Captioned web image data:
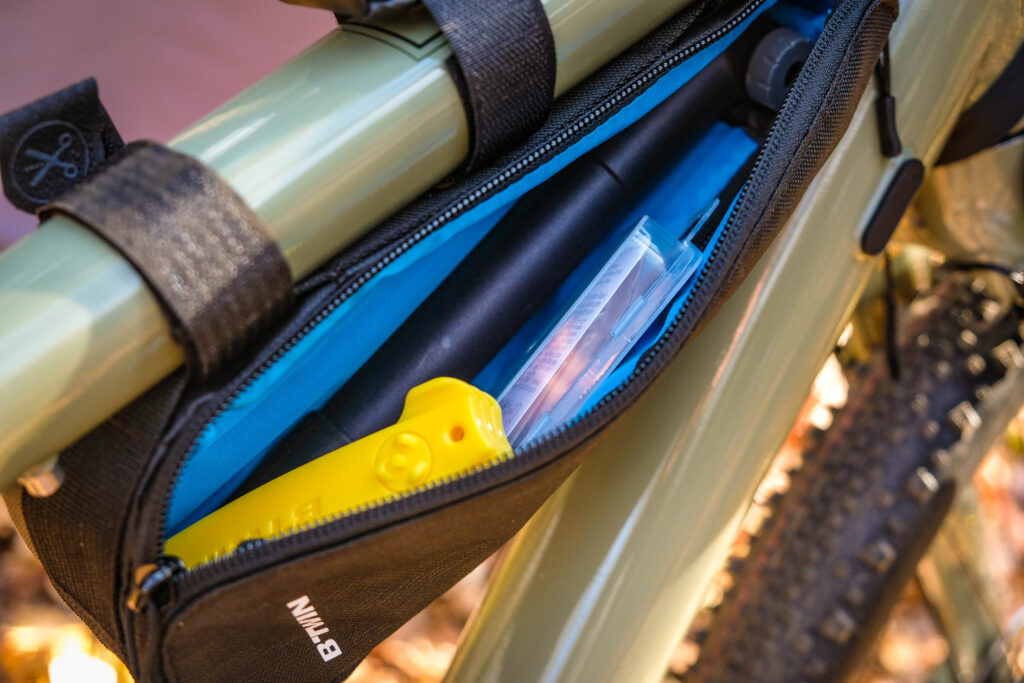 Decathlon &ndash; Intro to Bikepacking Bags-12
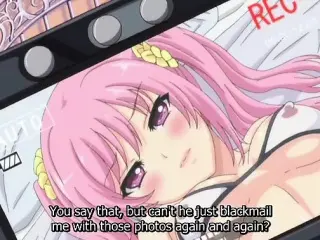 Incredible adventure anime movie with uncensored anal,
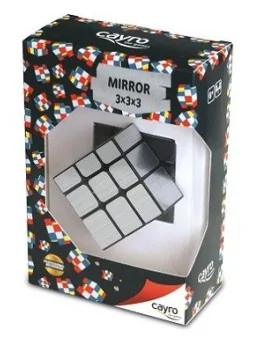 Cubo Mirror de Cayro en Hobby | La Cueva Roja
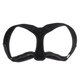 S/M/L Adjustable Back Shoulder Support Brace Belt Therapy Posture Corrector S/M/L Adjustable Back Shoulder Support Brace Belt Therapy Posture Corrector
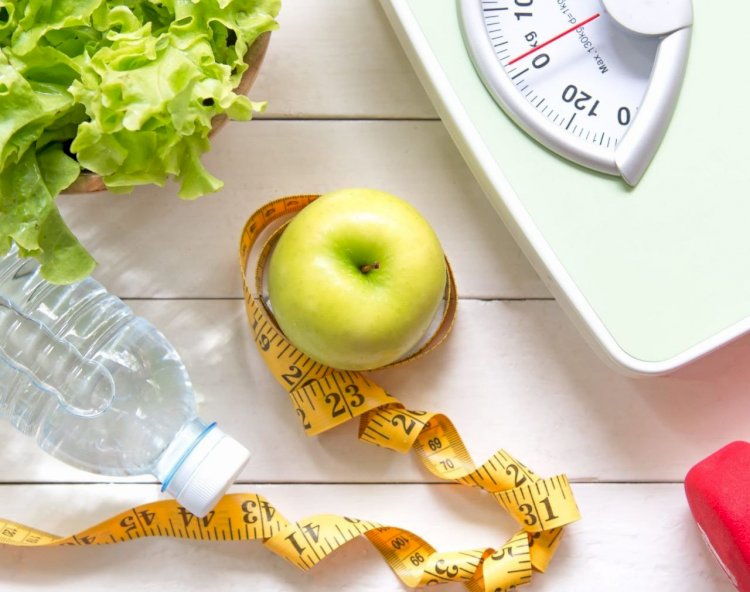 رمضان فرصة ذهبية لإنقاص الوزن.. دليلك العلمي لدايت صحي دون حرمان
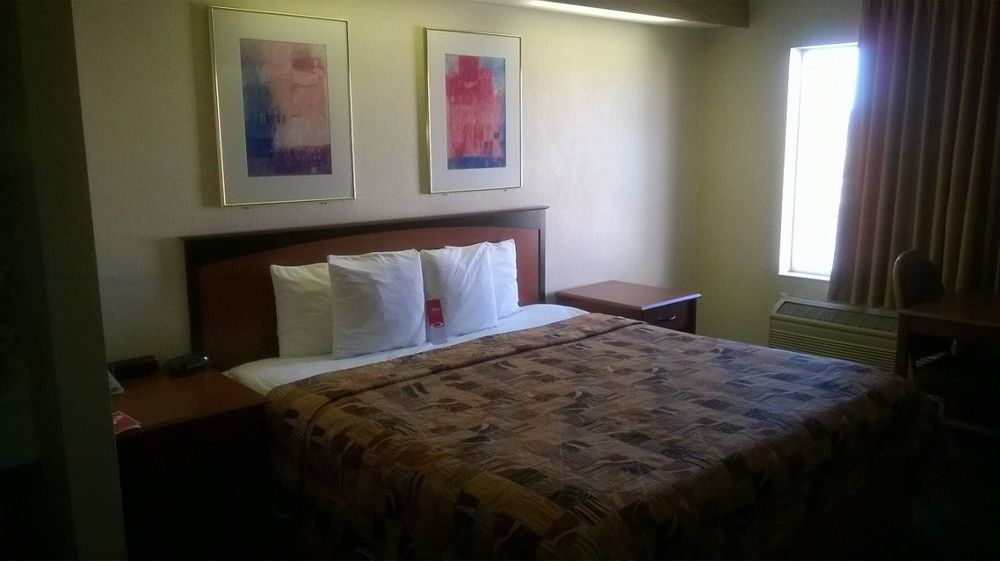 Econo Lodge North Academy Colorado Springs Exteriör bild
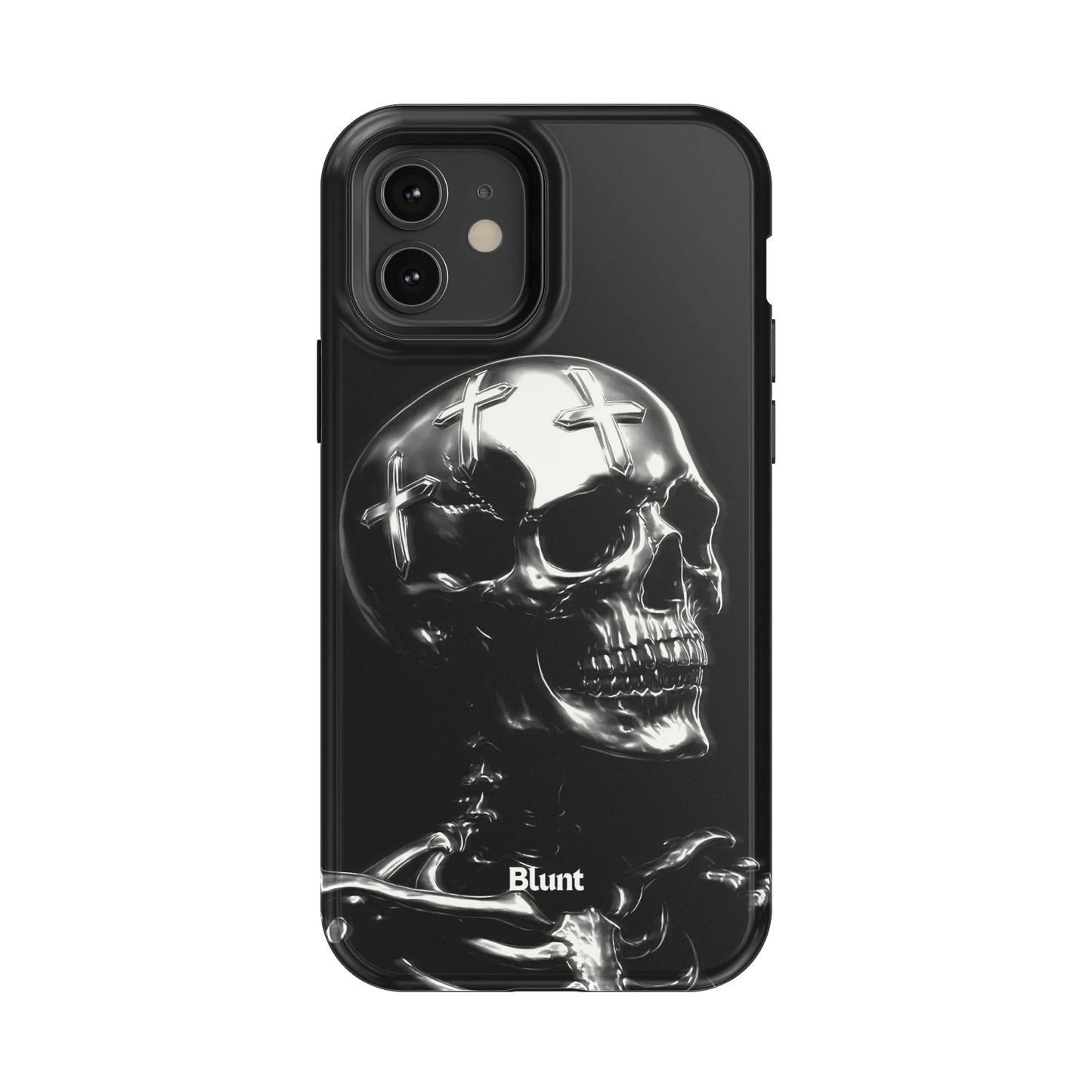 Afterlife iPhone Case - Blunt Cases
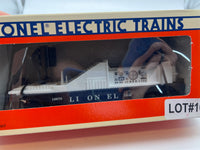 Lionel 6-16670 Lionel TV car O SCALE NEW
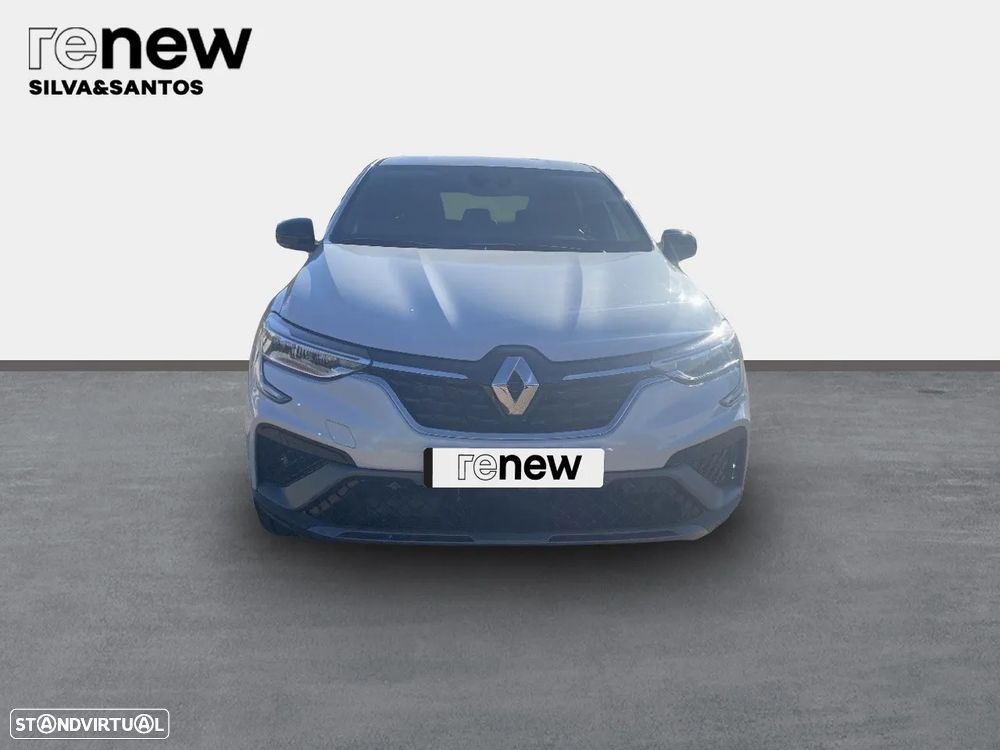 Renault Arkana 1.3 TCe R.S.Line EDC - 2
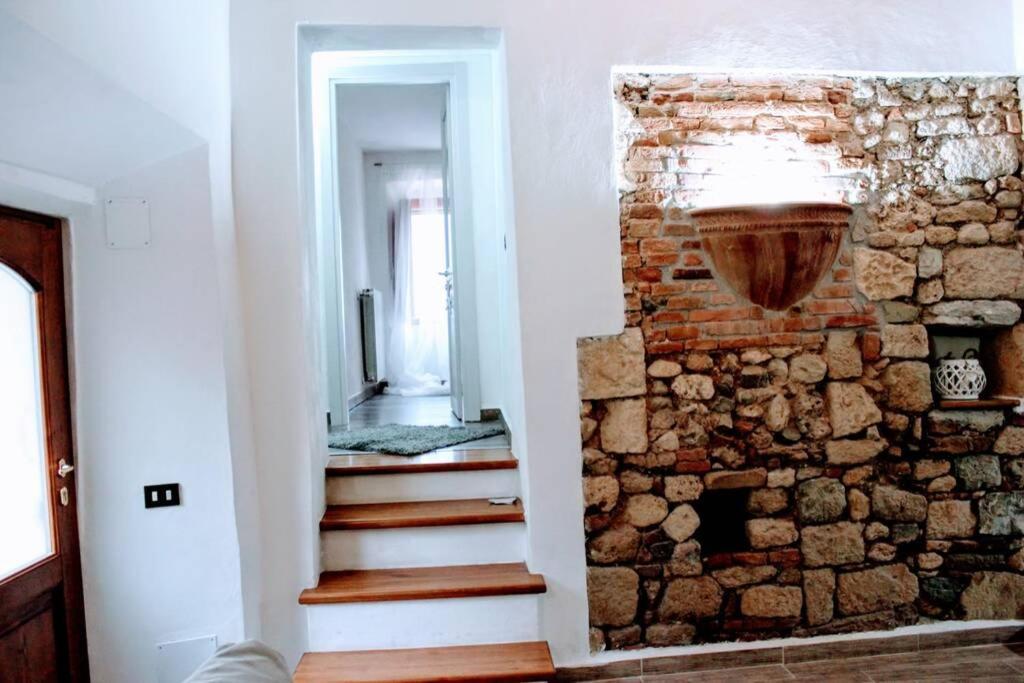 Panoramic And Beautiful House 4Km From The Sea. Villa Rosignano Marittimo Luaran gambar
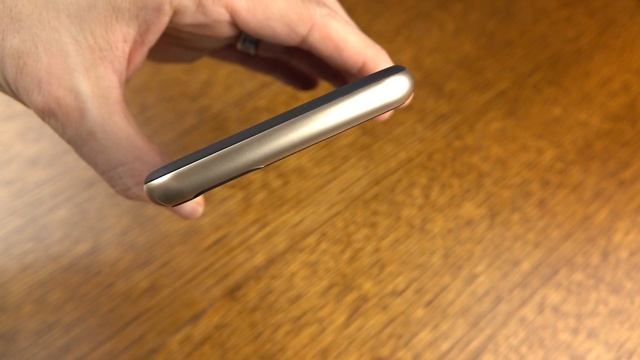 VRS Design Verge iPhone 6s Plus Case смотреть онлайн
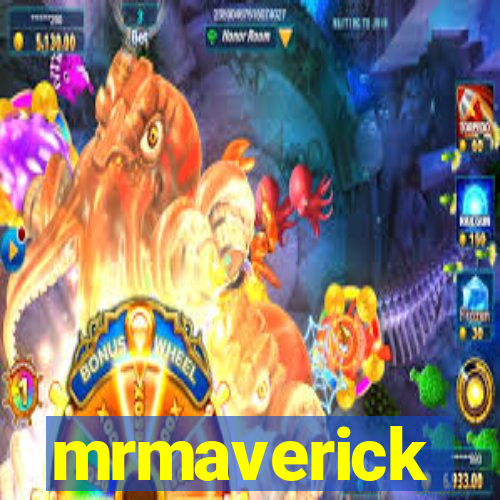 mrmaverick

ASSIGNMENT ->
When you reach the line that has "Posture Corrector S/M/L" in the data above, start repeating lines exactly, and stop after the line that has "رمضان فرصة ذهبية"; pictures stay out.

RESPONSE AREA ->
 S/M/L Adjustable Back Shoulder Support Brace Belt Therapy Posture Corrector S/M/L Adjustable Back Shoulder Support Brace Belt Therapy Posture Corrector
 رمضان فرصة ذهبية لإنقاص الوزن.. دليلك العلمي لدايت صحي دون حرمان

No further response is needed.